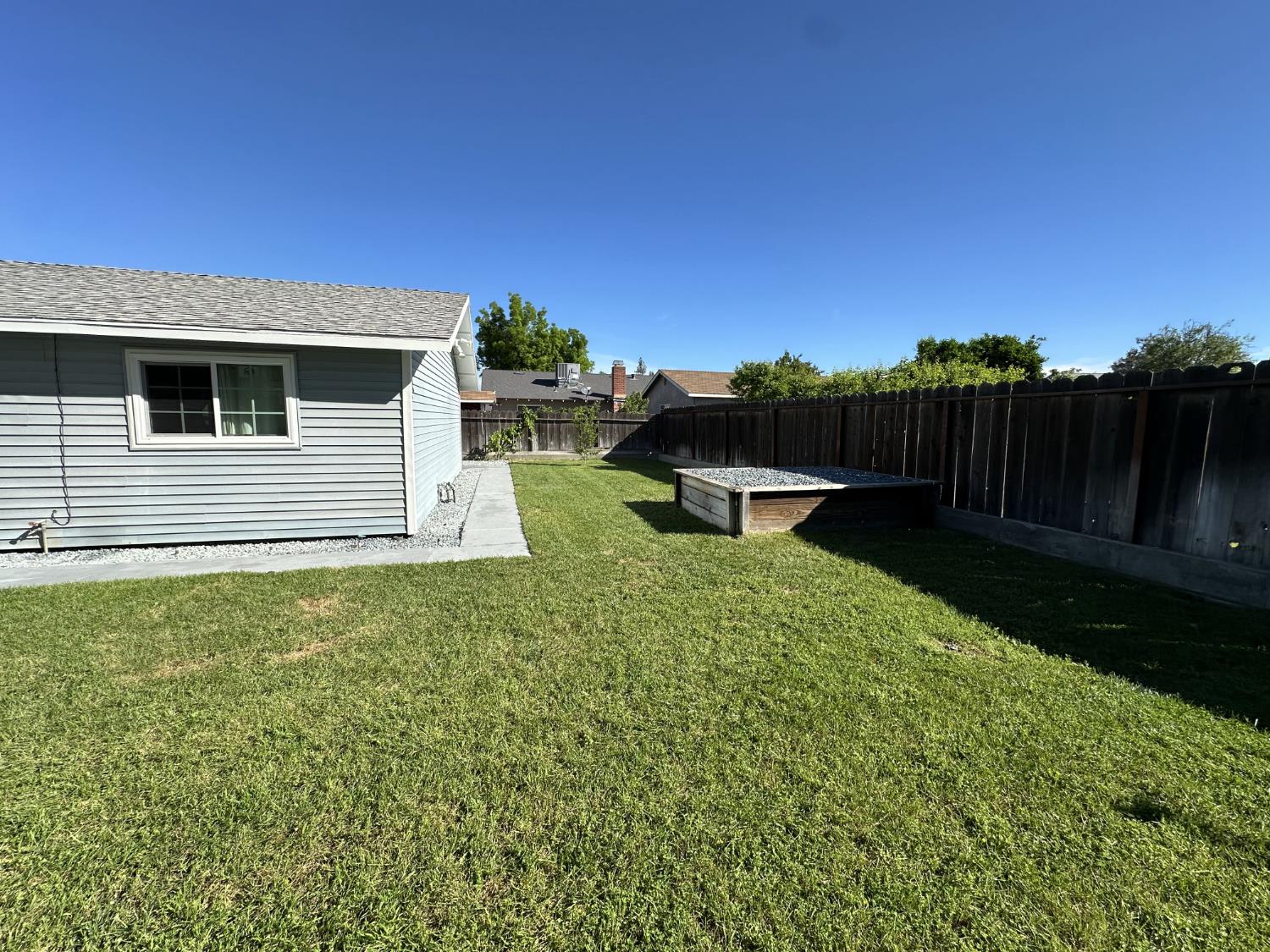 2160 Georgia Way, Turlock, CA 95382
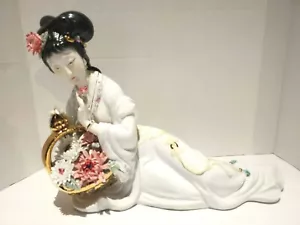 Geisha Porcelain Figurine Statue Basket Flowers Gold Trim AS IS - Picture 1 of 12
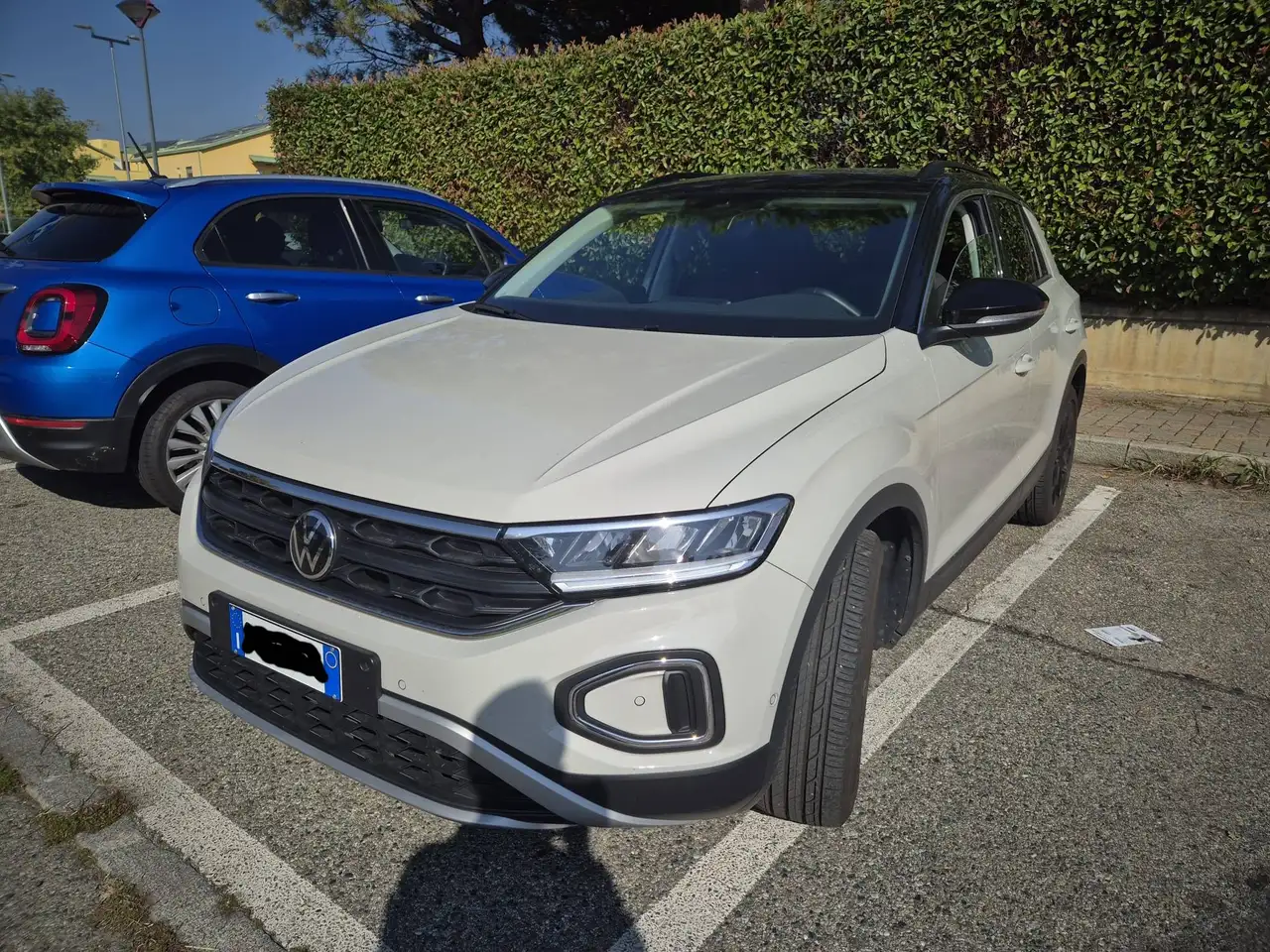 Volkswagen T-Roc T-Roc 1.0 tsi Sport — photo 1 of 5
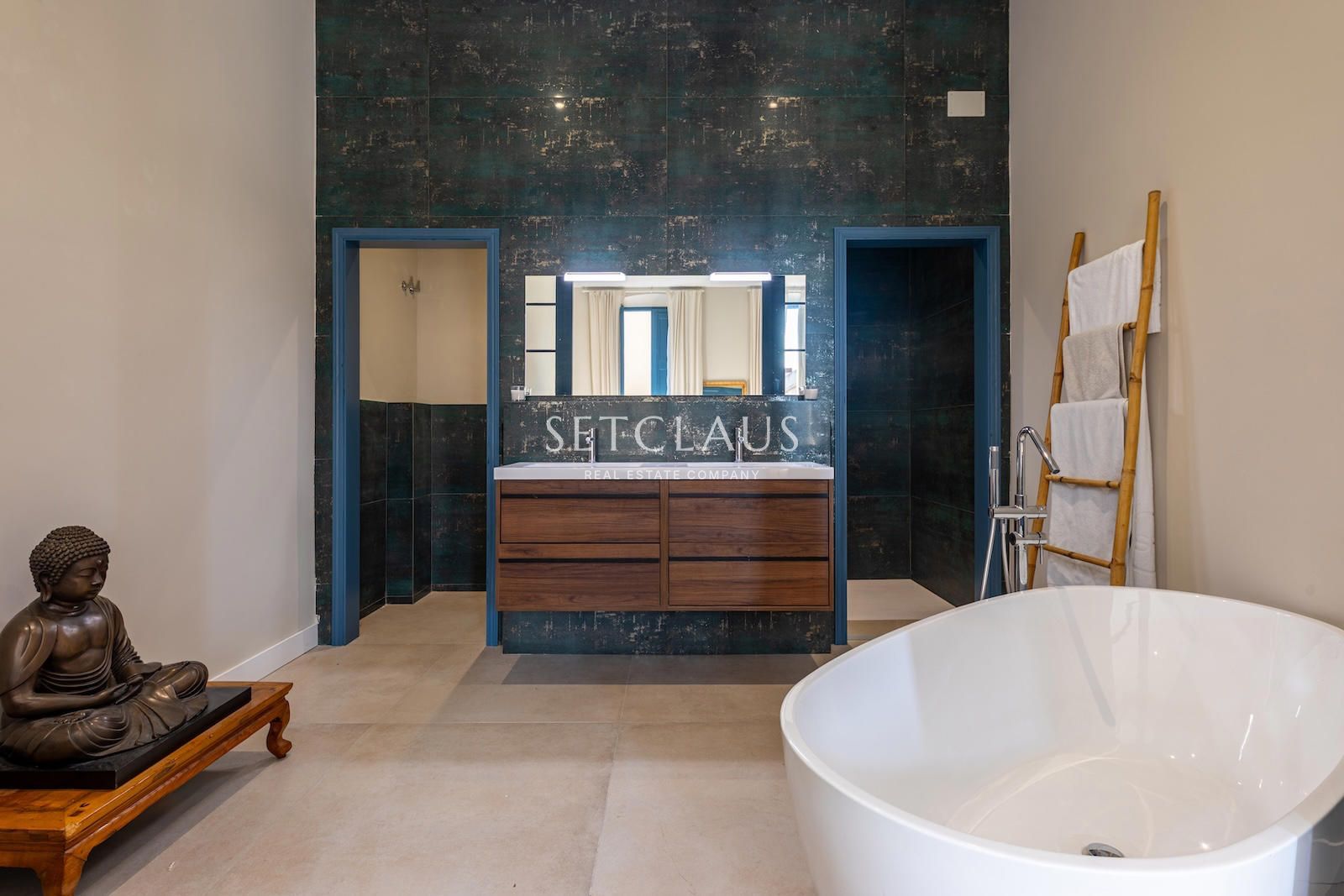 Comprar Espectacular casa de pueblo reformada en el centro de El Masnou foto 48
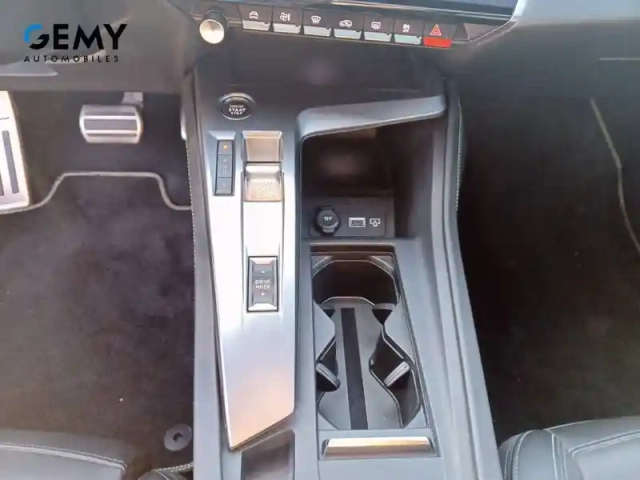 Peugeot 408 phev 225 e-eat8 — photo 14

## Activity
Leaving out only the pictures, return the material above unchanged.

## Result
 2160 Georgia Way, Turlock, CA 95382
 Geisha Porcelain Figurine Statue Basket Flowers Gold Trim AS IS - Picture 1 of 12
 Volkswagen T-Roc T-Roc 1.0 tsi Sport — photo 1 of 5
 Comprar Espectacular casa de pueblo reformada en el centro de El Masnou foto 48
 Peugeot 408 phev 225 e-eat8 — photo 14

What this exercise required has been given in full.